» **Goal of the exercise**
Would you write out the lines below exactly, from the one containing "Snow Mountain |" to the very last, but without the pictures?

» **Study material**
■ ■ ■

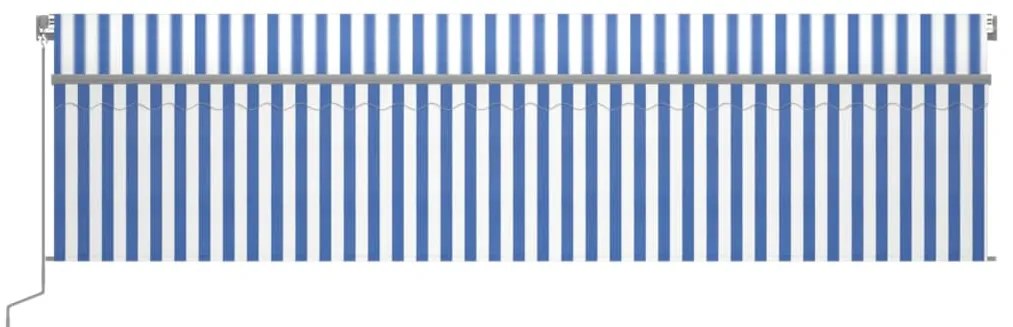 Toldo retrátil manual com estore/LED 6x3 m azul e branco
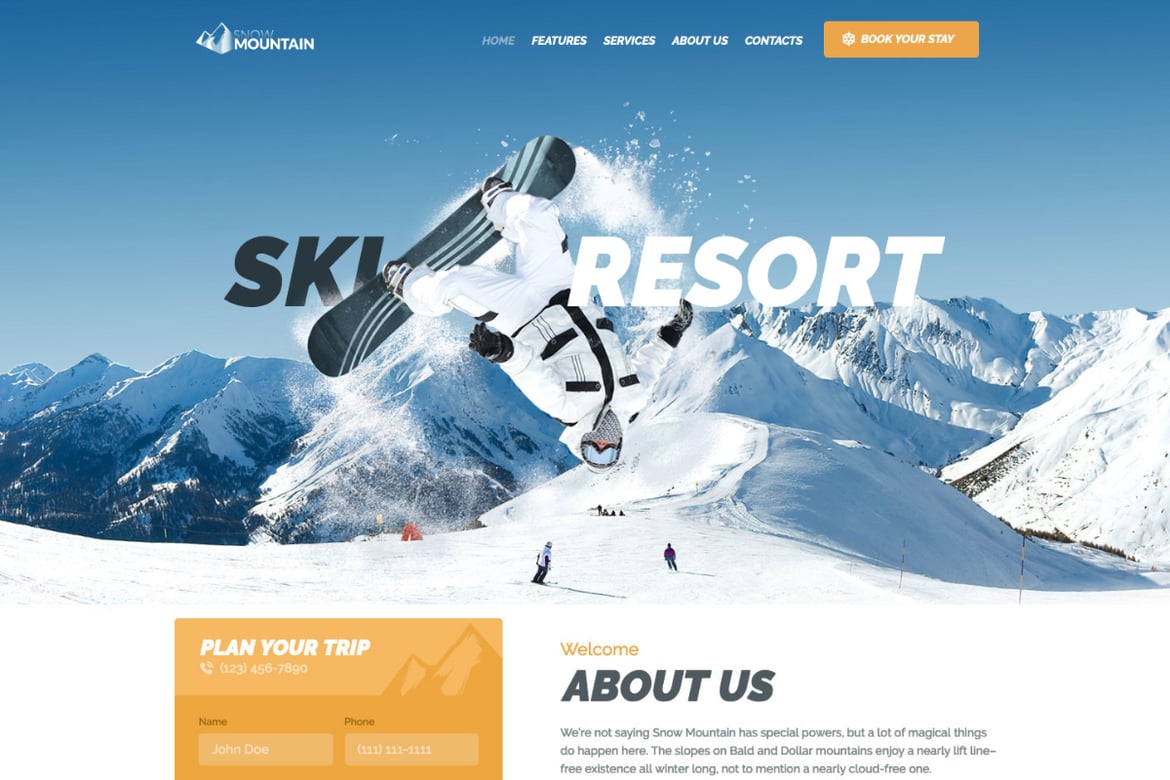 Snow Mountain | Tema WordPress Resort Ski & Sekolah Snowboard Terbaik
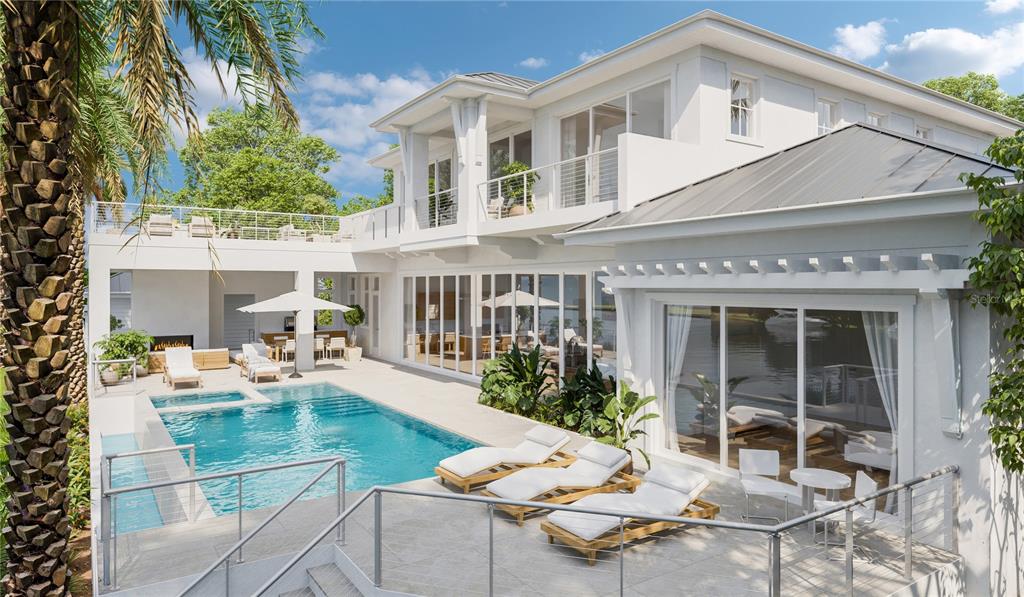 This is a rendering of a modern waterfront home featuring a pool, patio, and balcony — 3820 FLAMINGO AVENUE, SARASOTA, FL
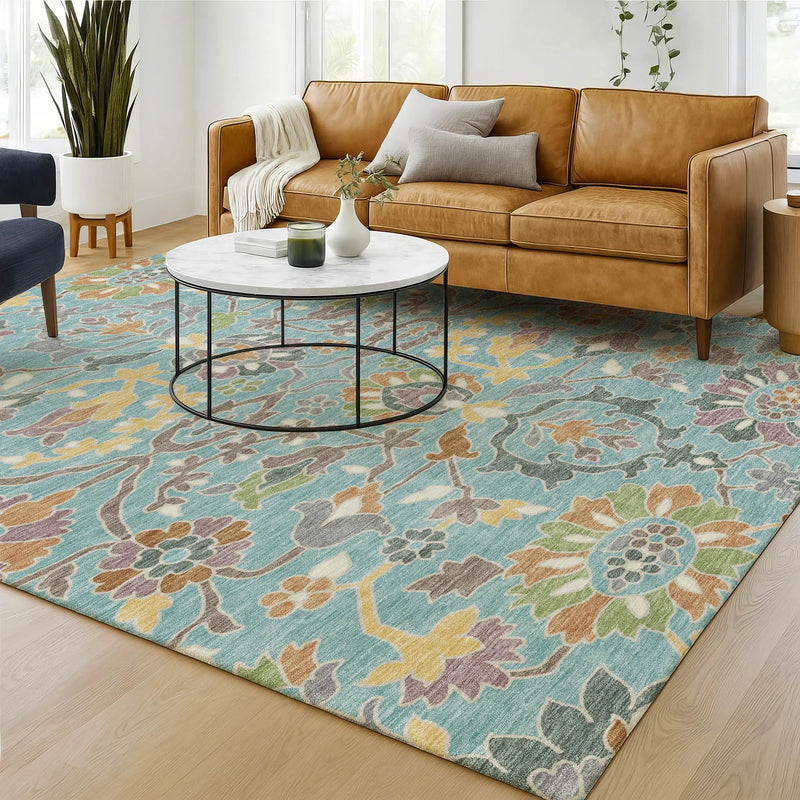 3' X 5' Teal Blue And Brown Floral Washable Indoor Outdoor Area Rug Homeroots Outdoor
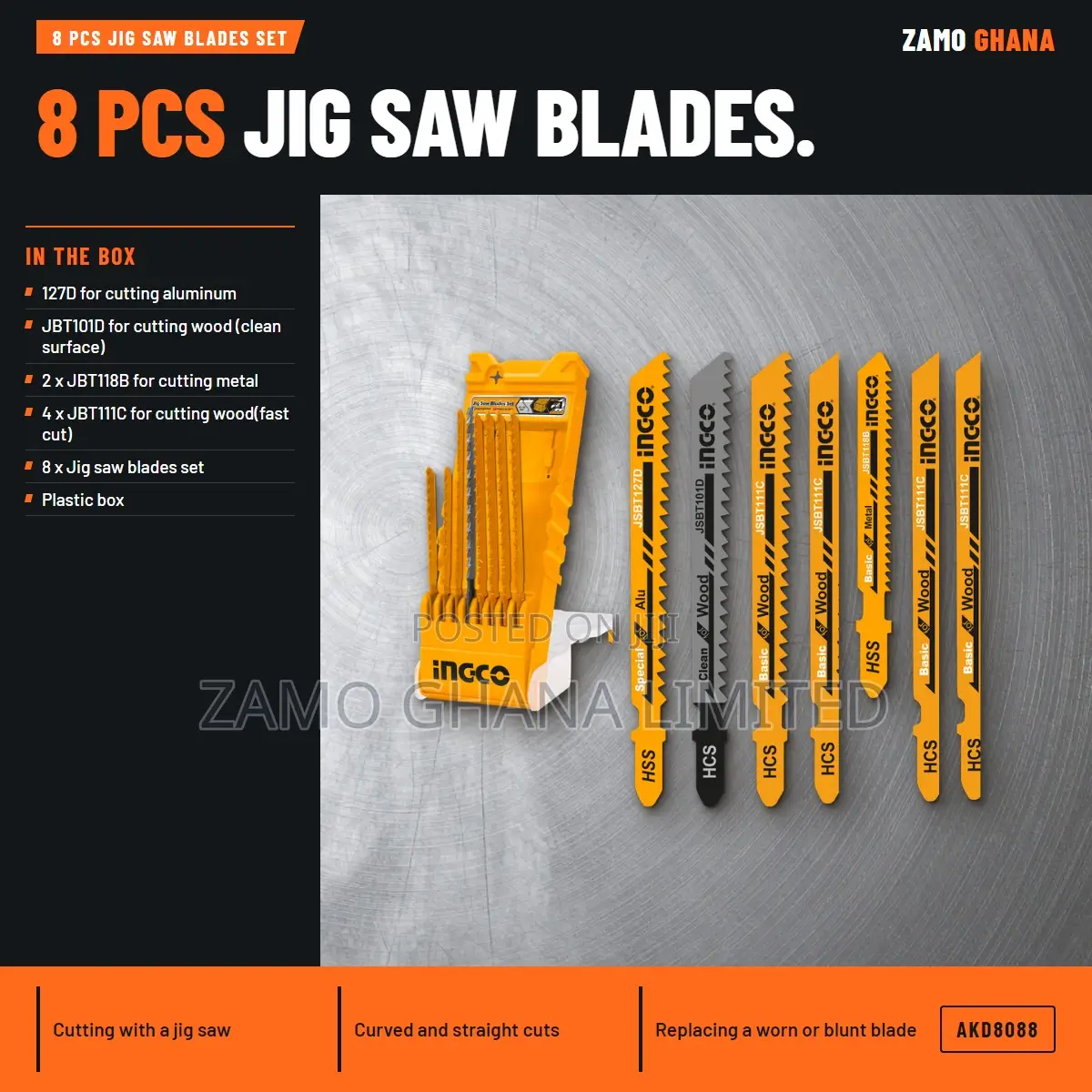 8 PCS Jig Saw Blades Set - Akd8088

■ ■ ■

» **Your response**
 Snow Mountain | Tema WordPress Resort Ski & Sekolah Snowboard Terbaik
 This is a rendering of a modern waterfront home featuring a pool, patio, and balcony — 3820 FLAMINGO AVENUE, SARASOTA, FL
 3' X 5' Teal Blue And Brown Floral Washable Indoor Outdoor Area Rug Homeroots Outdoor
 8 PCS Jig Saw Blades Set - Akd8088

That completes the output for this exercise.